### Brief descriptive captions
****************************************

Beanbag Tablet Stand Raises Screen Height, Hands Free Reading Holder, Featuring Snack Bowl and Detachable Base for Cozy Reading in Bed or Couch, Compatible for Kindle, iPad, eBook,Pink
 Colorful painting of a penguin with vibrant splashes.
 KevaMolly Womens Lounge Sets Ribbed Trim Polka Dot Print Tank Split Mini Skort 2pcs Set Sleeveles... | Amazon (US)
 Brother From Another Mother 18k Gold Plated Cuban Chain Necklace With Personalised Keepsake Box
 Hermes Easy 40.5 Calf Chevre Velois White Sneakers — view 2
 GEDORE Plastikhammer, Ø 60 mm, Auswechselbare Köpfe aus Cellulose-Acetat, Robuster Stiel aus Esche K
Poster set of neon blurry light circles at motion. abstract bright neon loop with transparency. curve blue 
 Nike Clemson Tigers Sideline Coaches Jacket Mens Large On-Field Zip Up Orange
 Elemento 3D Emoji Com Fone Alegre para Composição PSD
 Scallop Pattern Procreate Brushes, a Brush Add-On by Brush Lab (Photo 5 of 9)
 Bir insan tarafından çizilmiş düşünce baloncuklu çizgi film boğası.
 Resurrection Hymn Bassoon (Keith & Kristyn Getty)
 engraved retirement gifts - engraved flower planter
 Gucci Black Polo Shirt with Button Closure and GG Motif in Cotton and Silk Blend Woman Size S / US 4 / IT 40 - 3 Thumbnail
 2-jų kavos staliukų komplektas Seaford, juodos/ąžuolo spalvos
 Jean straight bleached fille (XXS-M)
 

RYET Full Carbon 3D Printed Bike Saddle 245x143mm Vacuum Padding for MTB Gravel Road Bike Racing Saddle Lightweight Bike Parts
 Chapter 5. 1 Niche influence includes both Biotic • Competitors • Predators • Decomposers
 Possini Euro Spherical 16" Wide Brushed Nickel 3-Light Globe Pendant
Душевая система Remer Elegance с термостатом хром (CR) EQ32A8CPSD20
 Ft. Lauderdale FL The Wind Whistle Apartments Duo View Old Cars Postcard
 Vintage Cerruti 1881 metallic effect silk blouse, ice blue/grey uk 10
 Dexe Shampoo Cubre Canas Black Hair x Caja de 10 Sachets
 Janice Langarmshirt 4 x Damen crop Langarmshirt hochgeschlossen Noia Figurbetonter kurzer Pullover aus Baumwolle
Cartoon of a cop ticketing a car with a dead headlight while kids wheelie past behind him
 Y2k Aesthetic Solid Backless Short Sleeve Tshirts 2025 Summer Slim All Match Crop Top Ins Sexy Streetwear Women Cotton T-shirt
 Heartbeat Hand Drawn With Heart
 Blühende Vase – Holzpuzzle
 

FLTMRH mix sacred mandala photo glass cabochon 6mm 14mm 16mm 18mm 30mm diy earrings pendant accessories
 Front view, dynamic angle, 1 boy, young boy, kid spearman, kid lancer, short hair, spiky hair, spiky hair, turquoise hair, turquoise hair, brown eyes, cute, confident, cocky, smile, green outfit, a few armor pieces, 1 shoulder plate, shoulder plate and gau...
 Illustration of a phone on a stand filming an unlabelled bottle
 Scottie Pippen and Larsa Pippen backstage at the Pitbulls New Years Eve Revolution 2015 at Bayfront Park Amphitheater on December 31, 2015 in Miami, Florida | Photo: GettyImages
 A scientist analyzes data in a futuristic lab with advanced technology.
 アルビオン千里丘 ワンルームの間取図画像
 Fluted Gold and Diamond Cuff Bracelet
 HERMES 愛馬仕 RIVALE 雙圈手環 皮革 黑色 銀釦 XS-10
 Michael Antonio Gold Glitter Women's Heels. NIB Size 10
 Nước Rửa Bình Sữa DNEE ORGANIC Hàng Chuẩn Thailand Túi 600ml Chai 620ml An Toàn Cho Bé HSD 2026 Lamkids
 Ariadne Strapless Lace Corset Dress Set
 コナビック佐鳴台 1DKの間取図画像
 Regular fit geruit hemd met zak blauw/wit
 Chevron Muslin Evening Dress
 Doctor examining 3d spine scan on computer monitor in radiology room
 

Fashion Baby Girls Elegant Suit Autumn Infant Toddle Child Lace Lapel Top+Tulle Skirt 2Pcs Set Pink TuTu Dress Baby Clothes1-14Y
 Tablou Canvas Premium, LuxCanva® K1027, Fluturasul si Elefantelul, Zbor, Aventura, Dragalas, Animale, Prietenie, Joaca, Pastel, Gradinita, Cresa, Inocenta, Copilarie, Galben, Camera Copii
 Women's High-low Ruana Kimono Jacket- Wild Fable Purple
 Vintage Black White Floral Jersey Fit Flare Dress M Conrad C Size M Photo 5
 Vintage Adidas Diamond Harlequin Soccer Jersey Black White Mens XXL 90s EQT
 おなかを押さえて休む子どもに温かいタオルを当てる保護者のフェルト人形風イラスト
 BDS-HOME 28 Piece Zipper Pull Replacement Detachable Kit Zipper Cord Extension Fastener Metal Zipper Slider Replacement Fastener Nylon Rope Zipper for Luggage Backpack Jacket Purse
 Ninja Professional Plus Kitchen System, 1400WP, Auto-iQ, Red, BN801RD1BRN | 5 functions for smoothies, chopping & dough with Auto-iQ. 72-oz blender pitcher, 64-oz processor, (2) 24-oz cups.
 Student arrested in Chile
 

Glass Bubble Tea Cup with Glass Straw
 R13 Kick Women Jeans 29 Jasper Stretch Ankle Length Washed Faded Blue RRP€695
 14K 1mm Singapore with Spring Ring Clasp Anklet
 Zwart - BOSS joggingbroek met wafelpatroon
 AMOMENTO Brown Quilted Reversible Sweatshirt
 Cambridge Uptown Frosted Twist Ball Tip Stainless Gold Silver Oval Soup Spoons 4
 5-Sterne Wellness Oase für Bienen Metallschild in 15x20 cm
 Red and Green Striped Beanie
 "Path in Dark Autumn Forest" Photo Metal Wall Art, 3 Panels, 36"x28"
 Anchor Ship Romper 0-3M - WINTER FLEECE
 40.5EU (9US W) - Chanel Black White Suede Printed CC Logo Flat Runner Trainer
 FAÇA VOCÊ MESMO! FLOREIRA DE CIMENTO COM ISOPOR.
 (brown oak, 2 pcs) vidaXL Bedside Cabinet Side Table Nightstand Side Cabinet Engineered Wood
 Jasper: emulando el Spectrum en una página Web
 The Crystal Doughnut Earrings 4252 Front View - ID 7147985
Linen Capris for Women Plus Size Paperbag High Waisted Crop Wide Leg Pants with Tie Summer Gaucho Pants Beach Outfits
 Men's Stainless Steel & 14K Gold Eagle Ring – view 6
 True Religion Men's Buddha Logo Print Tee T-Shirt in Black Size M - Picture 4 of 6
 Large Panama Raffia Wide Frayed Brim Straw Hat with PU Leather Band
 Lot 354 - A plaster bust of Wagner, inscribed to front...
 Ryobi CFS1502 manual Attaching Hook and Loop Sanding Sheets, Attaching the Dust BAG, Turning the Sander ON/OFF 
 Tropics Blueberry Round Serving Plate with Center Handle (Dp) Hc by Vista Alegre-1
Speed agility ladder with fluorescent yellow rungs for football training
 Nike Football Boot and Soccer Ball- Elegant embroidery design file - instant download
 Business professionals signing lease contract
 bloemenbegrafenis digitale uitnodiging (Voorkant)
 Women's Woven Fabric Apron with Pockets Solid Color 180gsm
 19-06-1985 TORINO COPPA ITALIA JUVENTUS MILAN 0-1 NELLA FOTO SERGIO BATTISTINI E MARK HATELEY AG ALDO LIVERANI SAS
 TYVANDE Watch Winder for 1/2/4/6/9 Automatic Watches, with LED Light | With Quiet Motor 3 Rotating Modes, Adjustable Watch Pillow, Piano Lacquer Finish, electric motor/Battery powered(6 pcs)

****************************************

### TASK INSTRUCTIONS
Taking the entries above, write out exactly the lines starting with the line containing "A scientist analyzes" and going on through the line containing "Chevron Muslin Evening Dress", both included, and nothing else.

### RESPONSE TO THIS TASK
 A scientist analyzes data in a futuristic lab with advanced technology.
 アルビオン千里丘 ワンルームの間取図画像
 Fluted Gold and Diamond Cuff Bracelet
 HERMES 愛馬仕 RIVALE 雙圈手環 皮革 黑色 銀釦 XS-10
 Michael Antonio Gold Glitter Women's Heels. NIB Size 10
 Nước Rửa Bình Sữa DNEE ORGANIC Hàng Chuẩn Thailand Túi 600ml Chai 620ml An Toàn Cho Bé HSD 2026 Lamkids
 Ariadne Strapless Lace Corset Dress Set
 コナビック佐鳴台 1DKの間取図画像
 Regular fit geruit hemd met zak blauw/wit
 Chevron Muslin Evening Dress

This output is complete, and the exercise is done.